Stan Moore has an interesting article on the F-ratio Myth basically saying that varying the F-ratio does nothing for exposure time, only varying the aperture makes a difference.
On the face of it, this makes sense... focal length controls FOV, aperture controls the amount of light. Bigger aperture means a bigger light bucket and thus more light.
But why does a bigger aperture mean more light from the same source? Shouldn't it mean more light, but from different sources? Take a point light source, it doesn't seem like it should matter whether you have a 80mm aperture or a 500mm, it's a point source, so it seems like you should either get it or not.
Does it work differently for point light sources and diffuse light sources? |
Hi Lee. Stan Moore's article is very misleading, because in debunking one myth he inadvertently created a new and even more insidious one. The problem seems to be that he neglected to mention the key part of his argument which should be "F-ratio makes no difference to sensitivity for a given aperture IF THE PIXEL SIZE IS ADJUSTED TO COMPENSATE FOR THE CHANGE IN FOCAL LENGTH". The bit in caps is the bit he left out and now people continue to quote the first part of the argument and assert that F-ratio makes no difference - even experienced photographers who surely must know that it clearly isn't true. Suggest that you ignore that paper.
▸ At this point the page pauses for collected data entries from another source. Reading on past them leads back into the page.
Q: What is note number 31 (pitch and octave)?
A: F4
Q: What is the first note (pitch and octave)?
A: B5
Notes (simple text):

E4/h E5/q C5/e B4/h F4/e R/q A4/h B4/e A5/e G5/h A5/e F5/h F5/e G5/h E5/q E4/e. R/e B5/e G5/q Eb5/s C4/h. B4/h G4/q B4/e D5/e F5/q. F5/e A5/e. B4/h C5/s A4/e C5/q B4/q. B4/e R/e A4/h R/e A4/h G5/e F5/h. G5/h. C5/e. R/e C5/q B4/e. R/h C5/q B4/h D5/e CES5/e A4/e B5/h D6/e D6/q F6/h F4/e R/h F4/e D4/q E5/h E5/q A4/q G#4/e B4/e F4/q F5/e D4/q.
the things that matter are the aperture, which determines how many photons get in and the angular size of the pixels, which determines how many of the available photons end up in each pixel. if you fix the focal length and pixel size, the sensitivity increases with reducing FNo as Russ' example shows. This applies to extended objects and stars for most systems (except highly undersampled ones). The main point is that you cannot consider aperture, focal length, pixel size (or FNo) on their own - you must consider them all to get the system sensitivity.
re the way a lens works, please forgive me if I have misunderstood your question, but here goes. If you hold up your hand and look at it, you get almost no information on where the light that you see came from - it could have been from many different sources in the room, but you can't tell anything much about those sources by looking at the light reflected from your hand. A similar scrambled pattern of light falls all over the aperture of a lens or mirror, but the lens or mirror has the ability to unscramble that light pattern and develop a map of the angles that the light came from and how bright it is - that is the image that you detect. Light from a point source falls all over the lens aperture and it is then transformed (unscrambled) by the lens back into a point in the focal plane. Light from an extended object also falls all over the aperture, but it is transformed into a 2D representation of the source object. If the aperture is bigger, more light from both point and extended sources gets into the system.